The direct influence and dependence of the Anglo-Saxon vocabulary of medicine on the Graeco-Roman tradition of medicine in England is not more evident as in the names of plants of the pharmacopoeia. All of the descriptions of plants, notes Grattan, found in the early Anglo-Saxon texts on medicine are translated and many of the names of plants used in treatments are transliterated from works which had long existed in Latin (80). The Anglo-Saxons did not contribute any new observations in terms of plants, even native plants, until approximately 1120 (80). Confirmation of this fact is found in the main herbal texts of the period: De material medica, and the Herbarius. As a result, most of the plants studied by the physicians and used for treatment were insignificant due to the fact that the flora in England was and still is very different from that of Italy where the texts originate (81).

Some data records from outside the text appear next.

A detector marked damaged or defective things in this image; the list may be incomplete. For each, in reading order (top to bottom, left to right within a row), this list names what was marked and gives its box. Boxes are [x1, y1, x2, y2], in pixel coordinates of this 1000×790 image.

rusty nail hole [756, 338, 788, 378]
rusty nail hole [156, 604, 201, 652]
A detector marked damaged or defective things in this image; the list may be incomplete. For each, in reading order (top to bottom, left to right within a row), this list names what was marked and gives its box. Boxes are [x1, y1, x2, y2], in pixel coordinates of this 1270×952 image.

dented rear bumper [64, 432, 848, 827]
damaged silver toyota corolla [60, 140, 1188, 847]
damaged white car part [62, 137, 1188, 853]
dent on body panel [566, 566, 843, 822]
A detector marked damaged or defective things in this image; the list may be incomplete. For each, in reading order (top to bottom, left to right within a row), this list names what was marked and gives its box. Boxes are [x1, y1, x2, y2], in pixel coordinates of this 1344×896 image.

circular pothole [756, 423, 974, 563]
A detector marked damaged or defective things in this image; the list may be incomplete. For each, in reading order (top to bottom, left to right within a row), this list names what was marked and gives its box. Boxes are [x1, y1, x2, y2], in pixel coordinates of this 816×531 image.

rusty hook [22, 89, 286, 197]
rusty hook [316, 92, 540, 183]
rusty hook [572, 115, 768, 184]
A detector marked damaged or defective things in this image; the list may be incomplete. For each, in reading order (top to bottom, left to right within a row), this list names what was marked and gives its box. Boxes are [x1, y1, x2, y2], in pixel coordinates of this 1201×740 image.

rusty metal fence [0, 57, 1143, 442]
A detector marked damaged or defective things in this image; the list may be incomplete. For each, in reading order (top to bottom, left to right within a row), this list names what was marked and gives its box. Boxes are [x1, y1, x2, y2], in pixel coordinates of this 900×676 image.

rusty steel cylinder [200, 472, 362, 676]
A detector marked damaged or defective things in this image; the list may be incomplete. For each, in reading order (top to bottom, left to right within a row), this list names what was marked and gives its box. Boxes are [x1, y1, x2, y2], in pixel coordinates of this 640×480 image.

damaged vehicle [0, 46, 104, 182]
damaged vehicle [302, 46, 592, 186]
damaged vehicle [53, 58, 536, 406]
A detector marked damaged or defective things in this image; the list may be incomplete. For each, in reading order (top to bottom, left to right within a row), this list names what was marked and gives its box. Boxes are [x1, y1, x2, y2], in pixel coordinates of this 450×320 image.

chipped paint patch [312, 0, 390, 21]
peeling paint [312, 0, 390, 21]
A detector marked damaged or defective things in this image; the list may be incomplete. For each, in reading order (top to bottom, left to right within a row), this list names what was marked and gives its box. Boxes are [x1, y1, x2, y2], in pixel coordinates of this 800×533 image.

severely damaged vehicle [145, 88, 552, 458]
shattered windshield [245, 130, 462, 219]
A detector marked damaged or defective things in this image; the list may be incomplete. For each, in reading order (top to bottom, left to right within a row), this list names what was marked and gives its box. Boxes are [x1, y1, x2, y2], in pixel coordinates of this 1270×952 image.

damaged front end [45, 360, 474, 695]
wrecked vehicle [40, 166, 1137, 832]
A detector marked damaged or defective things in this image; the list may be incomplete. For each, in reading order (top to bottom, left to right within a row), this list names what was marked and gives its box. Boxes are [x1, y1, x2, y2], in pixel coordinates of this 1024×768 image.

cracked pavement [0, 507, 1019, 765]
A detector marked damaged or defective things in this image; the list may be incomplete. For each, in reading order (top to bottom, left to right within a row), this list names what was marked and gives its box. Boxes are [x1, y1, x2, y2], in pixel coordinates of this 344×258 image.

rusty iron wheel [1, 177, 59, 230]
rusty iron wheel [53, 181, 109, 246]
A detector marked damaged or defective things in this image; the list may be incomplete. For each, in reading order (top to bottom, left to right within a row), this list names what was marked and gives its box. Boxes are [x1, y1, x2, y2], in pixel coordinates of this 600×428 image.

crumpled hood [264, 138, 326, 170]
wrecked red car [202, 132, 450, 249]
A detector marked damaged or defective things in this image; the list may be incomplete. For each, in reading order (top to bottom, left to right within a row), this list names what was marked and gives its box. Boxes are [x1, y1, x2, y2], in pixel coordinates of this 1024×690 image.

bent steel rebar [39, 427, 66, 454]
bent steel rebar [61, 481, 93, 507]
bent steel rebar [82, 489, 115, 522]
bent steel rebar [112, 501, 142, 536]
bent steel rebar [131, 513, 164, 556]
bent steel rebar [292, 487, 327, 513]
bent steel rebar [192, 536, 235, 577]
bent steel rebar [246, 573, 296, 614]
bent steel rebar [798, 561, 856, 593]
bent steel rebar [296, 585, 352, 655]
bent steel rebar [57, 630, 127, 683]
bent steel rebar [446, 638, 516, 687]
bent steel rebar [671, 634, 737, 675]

To determine plant names of English origin in the pharmacopoeia is a nearly impossible task due to the fact that even simple terms derive from Latin, as the following words indicate (Grattan 84):
English A.S. Latin
beet bete beta
chestnut cisten beam castanea
lily lilie lilium
mint minte mentha
rose rose rosa
As a result, many mistakes are made in classifying the plants of England as belonging to the same species as in Italy. These mistakes are mainly due to a lack of a standard classification system (ie. Linnaean) and errors in copying [ie. 1. the drawing of English plants, although different Latin species, with an incorrect Latin name ex. hennebelle, and 2. the distortion of Latin words with Latin figures ex. daffodil from Latin asphodel with picture of Mediterranean asphodel] (Grattan 82-83). Plant names of the pharmacopoeia are thus: 1) similar plants of the same species ie. Latin: linum, mentha, pirus, rosa, ruta, A.S.: linsæd, minte, pirige, rose, rude, English: linseed, mint, pear, rose, rue, 2) similar yet different species ie. Latin: feniculum, lubestica, A.S.: finol, lufestice, English: fennel, lovage, and 3) completely different species ie. Latin: beta, confirma, malva, petroselinum, A.S.: bete, confirma, mealwe, petersilie, English: beet, comfrey, mallow, parsley (Grattan 84).
Because of the ancient Latin medical treatments, many plants needed to be imported. In the Lacnunga, of the one hundred and twenty plants mentioned approximately eighty were in use (Grattan 88). Of these eighty, nearly fifty-three were imports including aloes, ginger, hemp etc., with the remainder of plant names lost through time (Grattan 88-89).